O günleri anlatan resmi tarih yazıcıları, bugün Öcalan ile
somutlaşan Kürt isyanının temeli olduğu görüşündedirler. Sonuçta Öcalan’a
yüklenen birçok şeyin aslında tarihi bir derinliği ve geçmişi vardır.
TİP'in “Doğu Uyanış Mitingleri” adı altında 13 Ağustos
1967’de Silvan'da başlayan mitingler, Kürt örgütlenmesi önünde yeni kapılar
açacaktır. Kısaca, bu bir devlet aklı ile oluşmuş bir örgütlenme değil, tarihin
açmış olduğu bir sürecin sonucudur. Elbette bu örgütlenmelere karşı devletin
karşı propagandası olacaktır; hatta Türk milliyetçisi parti olan MHP bile
Kürtleri kucaklayan dergiler çıkarmış, onlara seslenmiştir.

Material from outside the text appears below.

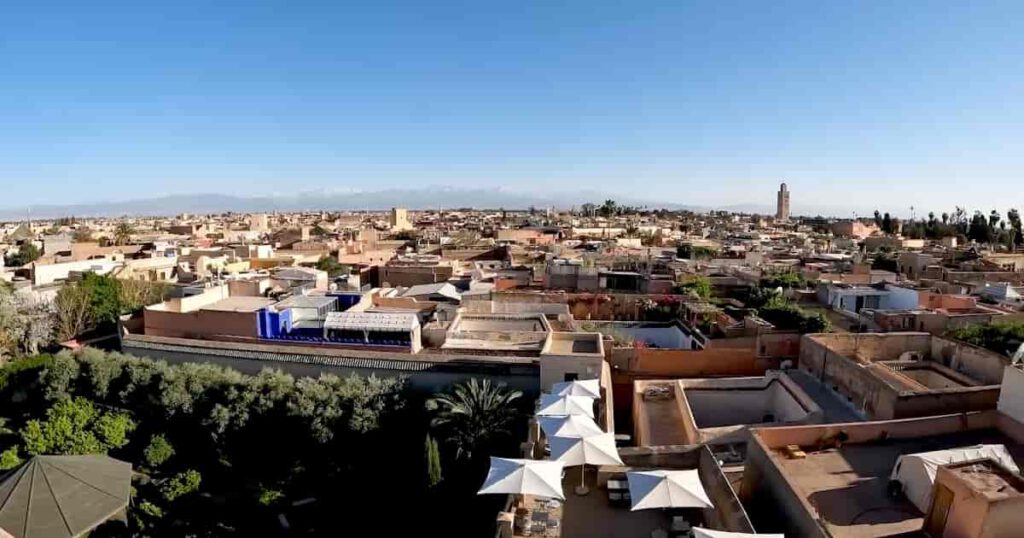 Panoramablick über die Medina von Marrakesch mit Koutoubia Moschee und Atlasgebirge im Hintergrund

Devlet resmi olarak
Kürtleri muhatap almamış, ama var olan sorunu hep hasıraltına süpürmeyi
seçmiştir.
Hasıraltına süpürülen sorunlar, elbette zaman içinde
devletin önünde bir isyan/patlama olarak ortaya çıkması kaçınılmazdır.

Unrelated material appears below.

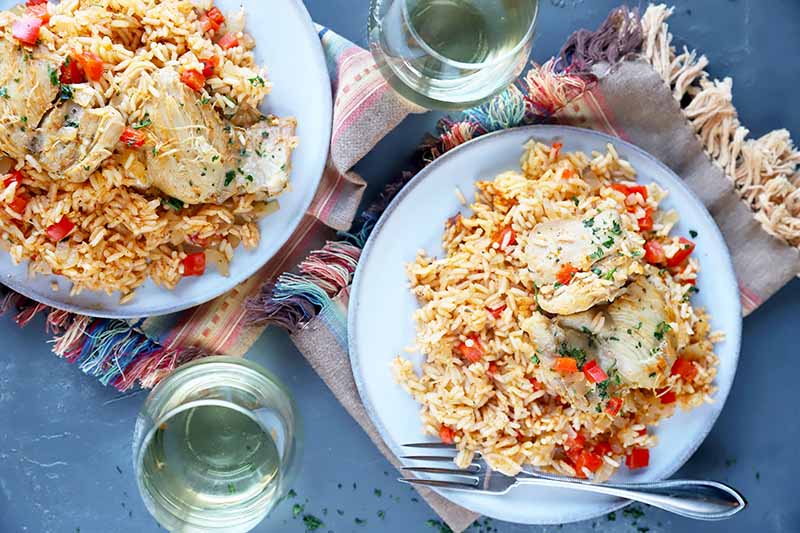 Horizontal image of two plates of chicken and rice next to glasses of white wine, a towel, and silverware.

İttihat ve Terakki Partisi kuruluşunda ve sonraki süreçte
Kürt aydınlarının varlığı söz konusudur; yenilen Osmanlı devleti ile birlikte
oluşmakta olan cumhuriyetin kuruluşunda bu kadroların rolleri vardır.
Cumhuriyet kuruluş sürecinde ve ilk yıllarında Kürtler ayrı devlet için
ayaklanmış olmaları ve bu ayaklanmalara karşı devletin “demir yumruğu”
indirmesi, Kürtleri ne yok etmiş ne de görünmez kılmıştır.
Bugün yaşadığımız Kürt Sorunu kavramının kökü derinlerdedir;
ne devlet aklı ortaya çıkarmış ne de onu istediği gibi yönlendirilmiştir.
Ulus devleti anlayışının ortaya çıkardığı, ama emperyalist ülkelerin
çıkarlarına uygun çizilen sınırlar ile yeni kurulan devletlerin kucağına bir
sorun yumağı olarak bırakılmıştır. “Hadi!” demişlerdir, “hem homojen devlet
kurun, hem de bu sorunu çözün!”
Ulus devleti anlayışı ile yaşadığımız Kürt Sorunu ve var olan
Alevi Sorunu ortadan kaldırılamaz, çözülemez.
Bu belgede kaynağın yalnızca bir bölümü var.